Wow. It’s been almost 2 years. A lot can happen in 2 years. Lives can change, people can grow, horrible tragedies can happen….
…yeah some of that happened but let’s not get crazy here. It’s really not all that exciting. In fact it’s kinda downright boring.
So last I posted I was moving to Seattle. Yay for me! Holy crap that was a long time ago. Sorry I just can’t get over that. Yeah I moved to Seattle for 10 months and decided that I would be insane to continue living there. Depressed infertile divorcing people should not move to Seattle. There should be a law about it. The sky is a unique shade of grey. Let’s just leave it at that because there is good and bad up there but overall I had a hard time. (And to be fair to the lovely residents of Seattle, I wasn’t in my right mind. Don’t hate me for hating Seattle during a crisis ok? I was getting a divorce after years of infertility. Remember? Yeah.)
Fuck I dont know where to begin here. Nothing is the same. Literally nothing. Will bullets help? Yeah let’s try that:
– moved to seattle
– started hanging out with old grunge rock stars
– hated seattle
– got a call/job offer to move back to Cali
– moved back to Cali and started over
– bought a house for me and the kids (Sandy and Monster)
– stayed in touch with Mark and had INSANE-reality-tv-show-style-drama-that-didn’t-really-effect-me-personally-but-woah-was-fucking-crazy-because-his-life-has-fallen-completely-apart
– got fired from new job (oh there will be a post about this…)
– started working for baby company.

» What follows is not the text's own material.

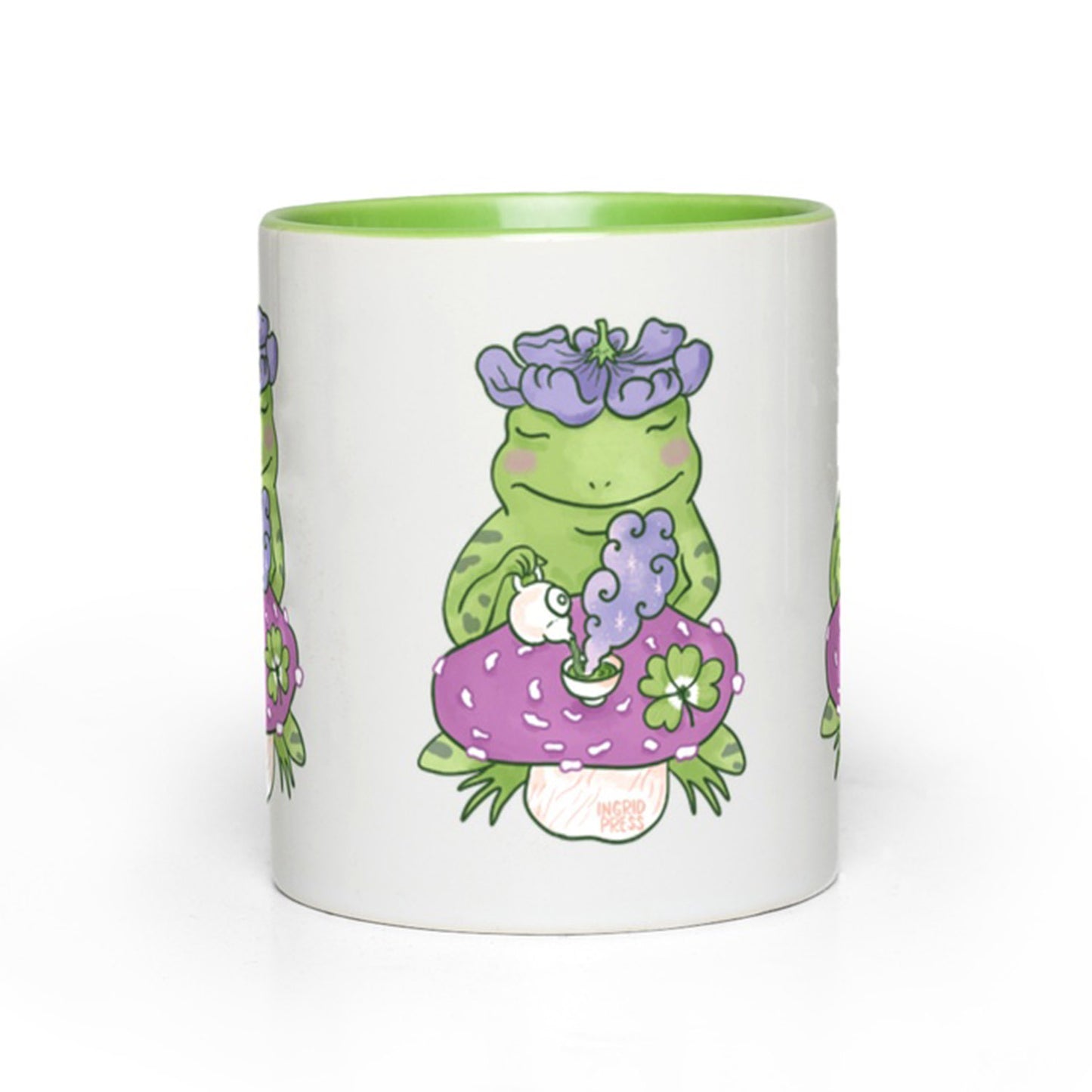 Lucky Tea 11oz Ceramic Accent Mug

Ironic? Umm yes
-lost 57 pounds
– Sandy died
– world ended
…so we caught up now? Yeah I think we may have glossed over a few things but perhaps this list can serve as gigantic chapters haha.
One thing I’d like to point out to the world that really I should keep to myself is that I have been single this entire time. Yup. I’m lame. Total loser right over here. I might regret this post in the morning LOL.
So for now I guess all I can say is that I’m back. Not sure this blog makes sense for my life anymore, but maybe feedback? No. I’m not trying to have a baby anymore. For now. Or ever? God I dont know.
Anyway…I am considering reinventing the babybound blog. It’s not the same and I am certainly many phases backwards from said original goal, but could this be a playground for ridiculous banter about my completely ironic job choice? Maybe? Or maybe you can all laugh at my absolutely ridiculous life of singleton after infertility. That works for me. Thoughts?